§ **Work required**: Find the line with "Alexander McQueen Tread" in the records below. Output exactly from there until after the line with "Photo of 2019 Black Mercedes-Benz C-Class", without pictures.

§ **Data supplied**:
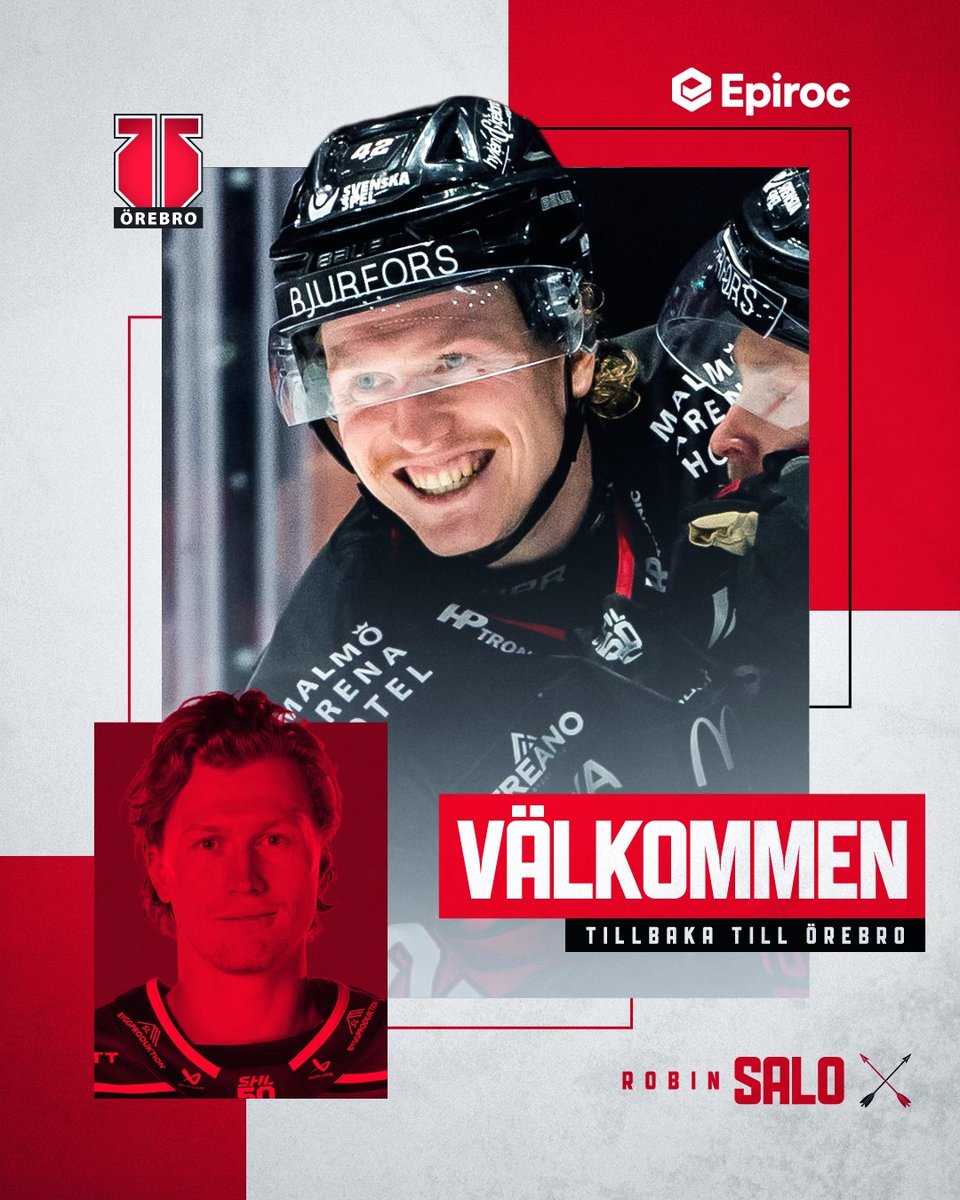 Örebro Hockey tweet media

* * *

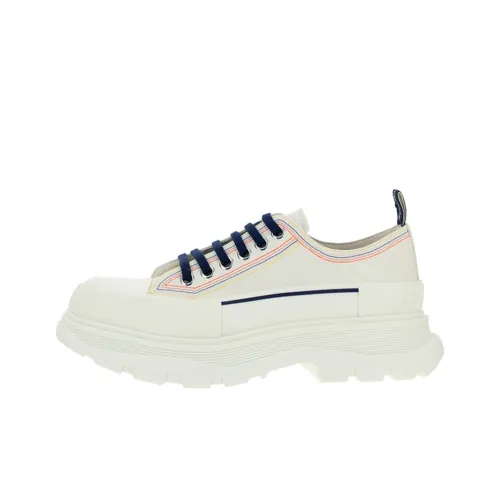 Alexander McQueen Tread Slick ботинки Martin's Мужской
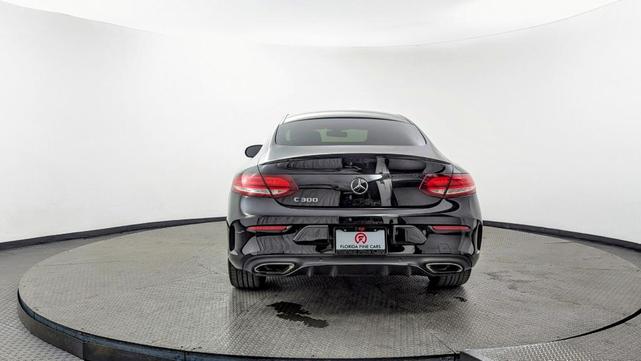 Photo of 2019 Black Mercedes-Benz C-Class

...

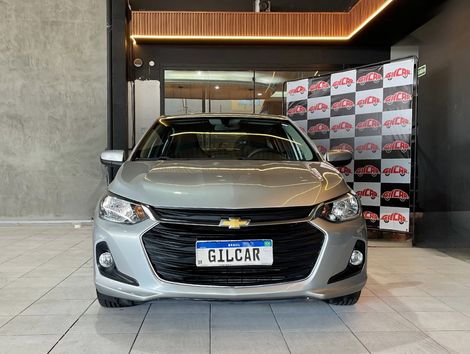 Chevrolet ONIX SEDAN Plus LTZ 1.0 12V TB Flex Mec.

§ **Result**:
 Alexander McQueen Tread Slick ботинки Martin's Мужской
 Photo of 2019 Black Mercedes-Benz C-Class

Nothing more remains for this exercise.